If the ongoing standoff with Equity continues, guests will continue to defer trips until “things are more normal” as bloggers lament that in the middle of a pandemic there’s little reason to rush to the parks.
It’s easy to ignore the impact of cuts like Beauty and the Beast: Live on Stage. But many guests are planning once-in-a-lifetime or once-in-a-decade trips. Like many of you, these guests overplan to try and get the perfect trip, and part of that overplanning is to come to sites like ours and ask “should I visit now or wait.”
Right now, for those guests, the answer is unquestionably that they should wait. With so many big things on the horizon—Remy’s Ratatouille Adventure, TRON, Guardians of the Galaxy Cosmic Rewind, and the 50th Anniversary Celebrations—it’s easy to see greener pastures ahead.
Usually, though, that’s not enough for us to tell people to wait. Because there’s always green pastures ahead. If you wait two years because something new is coming, you’ll just get there and want to wait two more years for the next best thing.
What makes now so different is that the parks have taken a step backwards. They’re less full theme parks and more collections of rides you hustle between avoiding coming within six feet of anyone.
That’s partly the pandemic. Things like streetmosphere and character greetings can’t occur because they encourage guests to crowd. But it’s also partly things like Disney’s decision to engage in this Equity dispute.
Even with the stress created by Rise of the Resistance, Hollywood Studios is an easy park to finish in a day. Without great shows like Indiana Jones Stunt Spectacular, Frozen Sing Along, and Beauty and the Beast, the park inevitably leaves many guests wanting more.
So what? People delay, but they still come, right? Maybe. Every delay has cascading effects—instead of coming every three years, you combine two trips. Or the “delay” winds up meaning you don’t come at all because you book Universal or Hawaii instead.
And the parks need revenue today to justify improvements for the future. Disney can keep believing this is just temporary, but if people aren’t in the parks, then the parks aren’t going to do well financially. When the parks do poorly financially, they have to make even more cuts, which makes them an even less appealing product.
I hope I’m wrong. I hope Disney is simply making wise business decisions that I don’t understand. I hope the Equity dispute is resolved soon and this is just an unexpected bump. I hope the passholder restrictions are resolved or kept as some sort of “managing the flow of attendance” strategy (this is my best guess for why they haven’t given APs more space).
But even if they’re making wise business decisions, some PR damage has been done. The truth is that through reopening, Disney hasn’t been the leader we expected them to be.
Down the road, Universal reopened earlier and with no access restrictions. I’ve even seen some commentary characterizing Universal sanitation as more aggressive, but I can’t personally confirm that. Of course, Disney is much more in the spotlight than Universal.

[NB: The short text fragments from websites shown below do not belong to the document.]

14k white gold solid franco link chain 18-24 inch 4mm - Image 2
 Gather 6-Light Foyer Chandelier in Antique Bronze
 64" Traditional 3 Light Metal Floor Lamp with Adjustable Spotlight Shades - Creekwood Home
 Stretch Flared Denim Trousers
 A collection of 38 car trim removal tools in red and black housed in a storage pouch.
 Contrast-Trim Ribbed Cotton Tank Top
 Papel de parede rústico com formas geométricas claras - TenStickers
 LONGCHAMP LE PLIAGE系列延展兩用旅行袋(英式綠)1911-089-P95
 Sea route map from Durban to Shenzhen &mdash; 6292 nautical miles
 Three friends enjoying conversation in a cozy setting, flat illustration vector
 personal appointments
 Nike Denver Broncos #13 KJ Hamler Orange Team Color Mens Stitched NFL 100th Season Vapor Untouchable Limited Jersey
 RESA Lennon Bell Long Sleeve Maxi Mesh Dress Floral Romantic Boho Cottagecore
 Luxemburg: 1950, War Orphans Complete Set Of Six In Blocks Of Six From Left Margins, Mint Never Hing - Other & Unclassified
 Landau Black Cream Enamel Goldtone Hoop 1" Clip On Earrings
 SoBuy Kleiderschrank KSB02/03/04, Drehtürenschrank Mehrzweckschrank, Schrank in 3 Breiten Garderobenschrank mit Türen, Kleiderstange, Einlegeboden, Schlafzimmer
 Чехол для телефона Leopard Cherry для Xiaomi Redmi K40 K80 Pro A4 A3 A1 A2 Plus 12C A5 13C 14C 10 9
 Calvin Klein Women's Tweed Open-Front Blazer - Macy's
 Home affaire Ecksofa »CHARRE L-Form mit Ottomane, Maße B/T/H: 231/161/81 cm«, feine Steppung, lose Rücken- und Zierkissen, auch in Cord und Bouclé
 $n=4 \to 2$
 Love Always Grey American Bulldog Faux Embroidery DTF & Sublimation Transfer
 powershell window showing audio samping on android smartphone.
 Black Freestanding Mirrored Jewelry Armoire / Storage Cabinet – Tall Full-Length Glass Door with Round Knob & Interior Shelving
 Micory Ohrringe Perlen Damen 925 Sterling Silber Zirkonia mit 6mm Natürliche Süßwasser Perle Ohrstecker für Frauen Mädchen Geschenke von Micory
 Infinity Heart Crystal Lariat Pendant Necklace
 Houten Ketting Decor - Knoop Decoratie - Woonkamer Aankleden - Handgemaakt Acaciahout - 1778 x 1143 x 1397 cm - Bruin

But that spotlight hasn’t been too favorable. They have a major union making antagonistic videos about the parks reopening. The passholder dispute has officially made the newspapers. And top blogs are calling out the new, lower-quality product.
The reopening was always going to be difficult. There was going to be plenty of annoyance and hurt to go around. But like all companies, Disney needs goodwill right now. And the best way to get and keep goodwill is to start playing well with others.